▸ **Problem to work on**
Only an exact copy of the lines from the one containing "𝙄𝙂: 𝙣𝙖𝙩𝙚_𝙩𝙝𝙖𝙞𝙡𝙖𝙣𝙙 🌿" through the last line of the material below belongs in the answer, with no pictures.

▸ **Information shown**
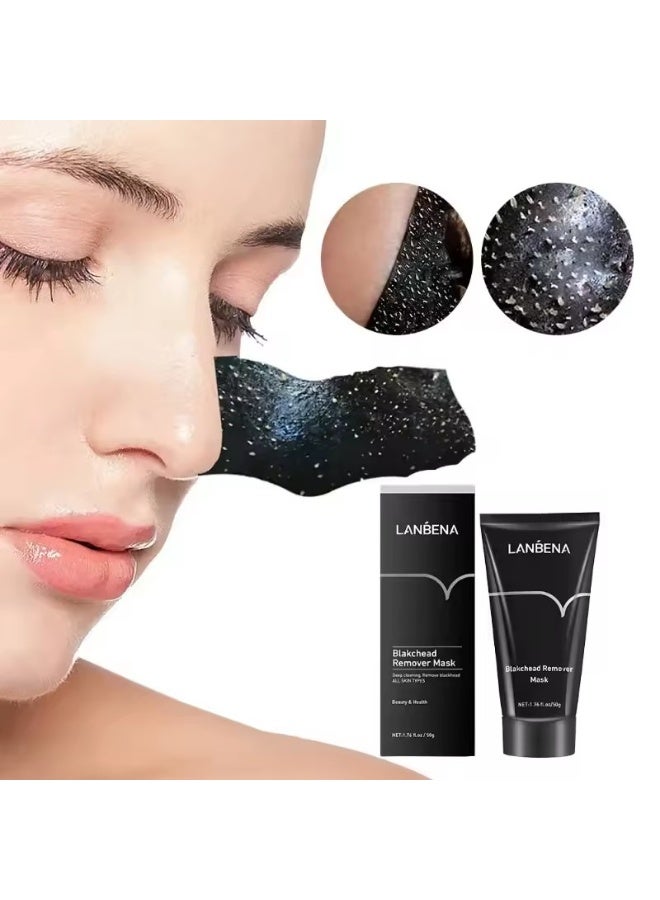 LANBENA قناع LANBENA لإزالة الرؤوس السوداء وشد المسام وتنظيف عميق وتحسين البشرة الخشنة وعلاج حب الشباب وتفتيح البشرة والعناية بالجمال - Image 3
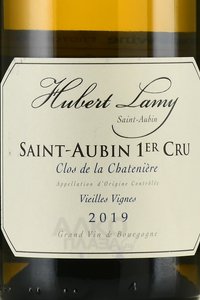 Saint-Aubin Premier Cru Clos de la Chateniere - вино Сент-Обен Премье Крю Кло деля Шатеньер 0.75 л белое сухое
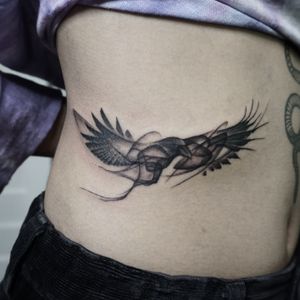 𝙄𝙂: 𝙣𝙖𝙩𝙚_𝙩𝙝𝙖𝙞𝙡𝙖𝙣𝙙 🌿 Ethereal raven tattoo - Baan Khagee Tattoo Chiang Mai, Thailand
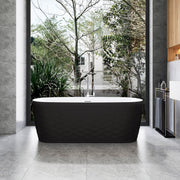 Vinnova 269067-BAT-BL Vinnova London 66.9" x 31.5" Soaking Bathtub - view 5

▸ **Solution for this task**
 𝙄𝙂: 𝙣𝙖𝙩𝙚_𝙩𝙝𝙖𝙞𝙡𝙖𝙣𝙙 🌿 Ethereal raven tattoo - Baan Khagee Tattoo Chiang Mai, Thailand
 Vinnova 269067-BAT-BL Vinnova London 66.9" x 31.5" Soaking Bathtub - view 5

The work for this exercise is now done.